国防省によると、カナダはこれまでにウクライナに8280万ドル(約79億円)分の軍事装備を提供している。その内訳は、M72ロケットランチャー4500発、手榴弾7500発、カールグスタフ対戦車無反動ライフル100丁と弾薬2000発、機関銃、拳銃、カービン銃と弾薬150万発となっている。
他にも多くの国がウクライナに軍事物資を提供しており、中でも米国はその先頭を走っている。ワシントンは3月16日、対戦車兵器や防空システムを増やし、ドローン100機を含む8億ドル(約960億円)分の装備を追加で送ると発表した。
アナンド国防相は、政府は他の同盟国との協力など他の選択肢も検討していると述べた。

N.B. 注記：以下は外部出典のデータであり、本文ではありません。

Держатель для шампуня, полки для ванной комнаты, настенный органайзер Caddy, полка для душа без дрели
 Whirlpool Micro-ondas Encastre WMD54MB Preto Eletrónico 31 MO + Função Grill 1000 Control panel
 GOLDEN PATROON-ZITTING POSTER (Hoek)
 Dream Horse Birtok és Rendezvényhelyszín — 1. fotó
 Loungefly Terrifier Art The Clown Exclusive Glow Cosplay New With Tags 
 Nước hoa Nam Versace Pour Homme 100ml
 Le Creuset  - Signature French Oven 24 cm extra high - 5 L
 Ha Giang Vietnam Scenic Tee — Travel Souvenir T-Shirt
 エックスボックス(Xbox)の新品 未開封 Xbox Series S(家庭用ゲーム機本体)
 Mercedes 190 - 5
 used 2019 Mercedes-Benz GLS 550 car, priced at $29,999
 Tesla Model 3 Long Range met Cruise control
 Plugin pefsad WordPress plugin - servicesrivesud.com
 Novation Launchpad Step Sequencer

トルドー首相は16日、「我々は、人道的支援、難民支援、そして軍事装備、殺傷能力のある装備でウクライナを支え続けるだろう」とカナダはウクライナへの軍事機器の提供を続けるつもりであると述べ、カナダ軍への供給と在庫については言及しなかった。
カナダ『トロント・サン』によると、アナンド国防相は、カナダの軍事費(現在GDPの1.39%)をNATOの基準である2%以上に引き上げるか、2%未満に抑えつつ再構成するための「積極的な選択肢」をトルドー内閣に提案していると述べた。
しかし、『トロント・サン』は、カナダが軍事費を増やしてNATOの基準であるGDPの2%を満たす、あるいは超える可能性は低いと伝えている。現在カナダはNATO加盟国の中でも対GDPの軍事費は最下位に近く、先週発表された国会予算担当官の報告書では、インフレによるコスト増で、軍事費を活用した多くのプロジェクトが遅れたり、始まらなかったりするかもしれないと指摘されている。
一方、カナダ『CBC』によると、カナダ軍の最高司令官は、ロシアの脅威とNATOに対する侵略に対応するため、カナダ軍の近代化と刷新を「できるだけ早く」進めるべきだと述べたという。ウェイン・エア元帥はCBCラジオの番組に出演し、「そのプロセスは加速される必要があると思う」と語った。元帥は、カナダ軍が不足しているいくつかの分野を指摘した。地上ベースの航空防衛や、対装甲兵器の在庫の老朽化などである。「私たちがそこにある脅威に備えることを確実にするために、軍隊は武器を手に入れる必要があると信じています。現在の軍隊は、将来の脅威に対して整えられた軍隊ではありません。」と語った。
また、もし国防費を増額された場合、「何よりもまず、カナダ社会のあらゆる層から優秀な人材を集め、維持できるようにすること、それが最優先事項だろう」と述べた。エア元帥は、近年、軍の即応性と兵士の高度な訓練に問題があると指摘した。
ロシアとNATOの対立が拡大する可能性については、「我々は常にその恐怖を抱えており、それを強く意識する必要がある。現在の世界の動きは、1914年に起こった第一次世界大戦の大混乱と、新しい軍事技術との戦いに類似しているという。」とコメントした。